WHO Peringatkan Penyebaran Luas Varian Omicron ke Seluruh Dunia
AFP
Dunia
Pandemi Virus Corona

Seiring dengan menyebarnya varian omicron, hal yang dikhawatirkan adalah meningkatnya jumlah kasus. Jika kasus terus melonjak, maka dapat membebani sistem perawatan kesehatan.

WowKeren - Kekhawatiran terus menyebar luas sejak diumumkan adanya varian COVID-19 terbaru, omicron. Varian ini pertama kali teridentifikasi di Afrika Selatan pada awal November lalu.

Organisasi Kesehatan Dunia (WHO) pada Senin (29/11) memperingatkan bahwa varian ini kemungkinan akan menyebar secara luas di seluruh dunia. Yang mana, penyebaran varian yang baru ini akan menyebabkan risiko global yang sangat tinggi.

Lonjakan kasus COVID-19 dapat memberikan konsekuensi parah di beberapa wilayah. Untuk itu, WHO mendesak agar negara-negara mempercepat upaya vaksinasi, terutama untuk kelompok prioritas tinggi.

Badan PBB itu juga mendesak negara-negara untuk memastikan rencana mitigasi guna mempertahankan layanan kesehatan penting. WHO menyebut jumlah lonjakan mutasi varian ini tidak seperti varian-varian sebelumnya. "Risiko global secara keseluruhan terkait dengan varian baru yang menjadi perhatian omicron dinilai sangat tinggi," kata WHO.

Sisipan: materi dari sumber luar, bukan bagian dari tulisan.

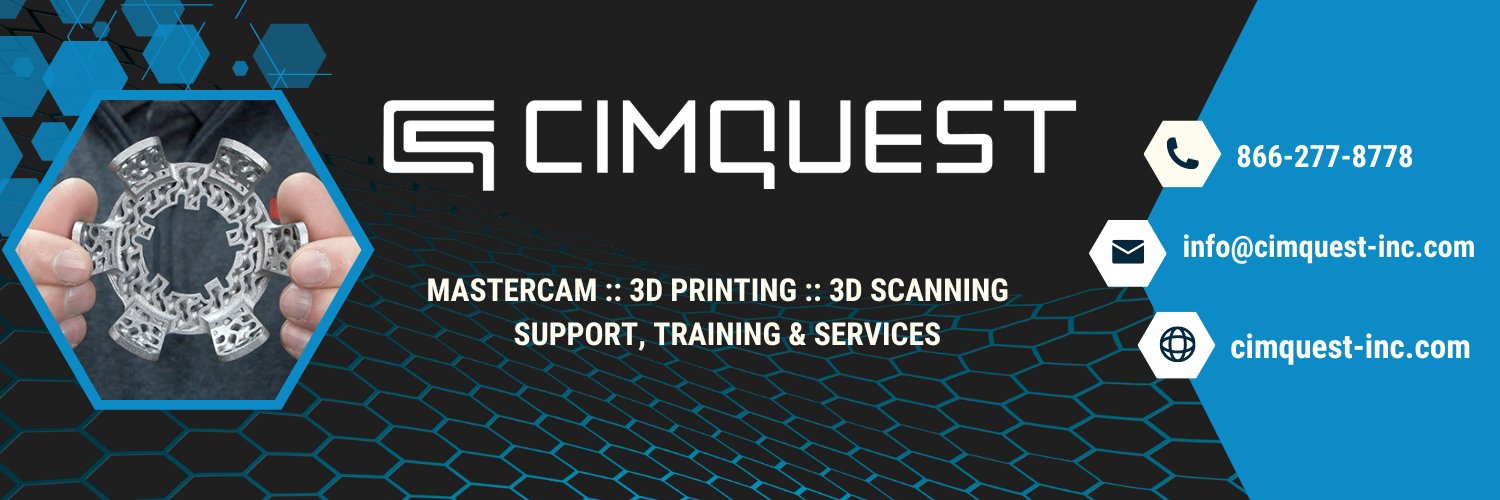 Cimquest banner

Sejumlah negara telah melaporkan adanya kasus omicron ini namun tidak ada kasus kematian yang dilaporkan hingga saat ini. Menurut WHO, penelitian lebih lanjut masih diperlukan untuk mengetahui lebih jauh apakah omicron dapat menyebar meski sudah ada kekebalan dari vaksin dan infeksi sebelumnya.

Dengan varian ini, saat ini hal yang dikhawatirkan adalah meningkatnya jumlah kasus, terlepas dari perubahan tingkat keparahan. Jika kasus terus melonjak, maka dapat membebani sistem perawatan kesehatan. Kondisi juga dikhawatirkan akan lebih parah di negara-negara yang masih memiliki tingkat vaksinasi rendah.

Omicron telah menyebar ke seluruh dunia, dengan kasus baru ditemukan di Belanda, Denmark dan Australia. Banyak negara yang segera mengambil keputusan untuk memberlakukan pembatasan perjalanan internasional dari Afrika Selatan dan negara-negara tetangganya.

WHO sebelumnya juga sempat mengkritik langkah tersebut yang dianggap terlalu terburu-buru. Pasalnya, pembatasan perjalanan hanya akan menghambat proses pemulihan ekonomi yang sedang berlangsung.

Sementara itu, Presiden Afrika Selatan Cyril Ramaphosa juga tak sepakat dengan langkah tersebut. Menurutnya, langkah yang diambil oleh sejumlah negara tersebut tidak dapat dibenarkan secara ilmiah.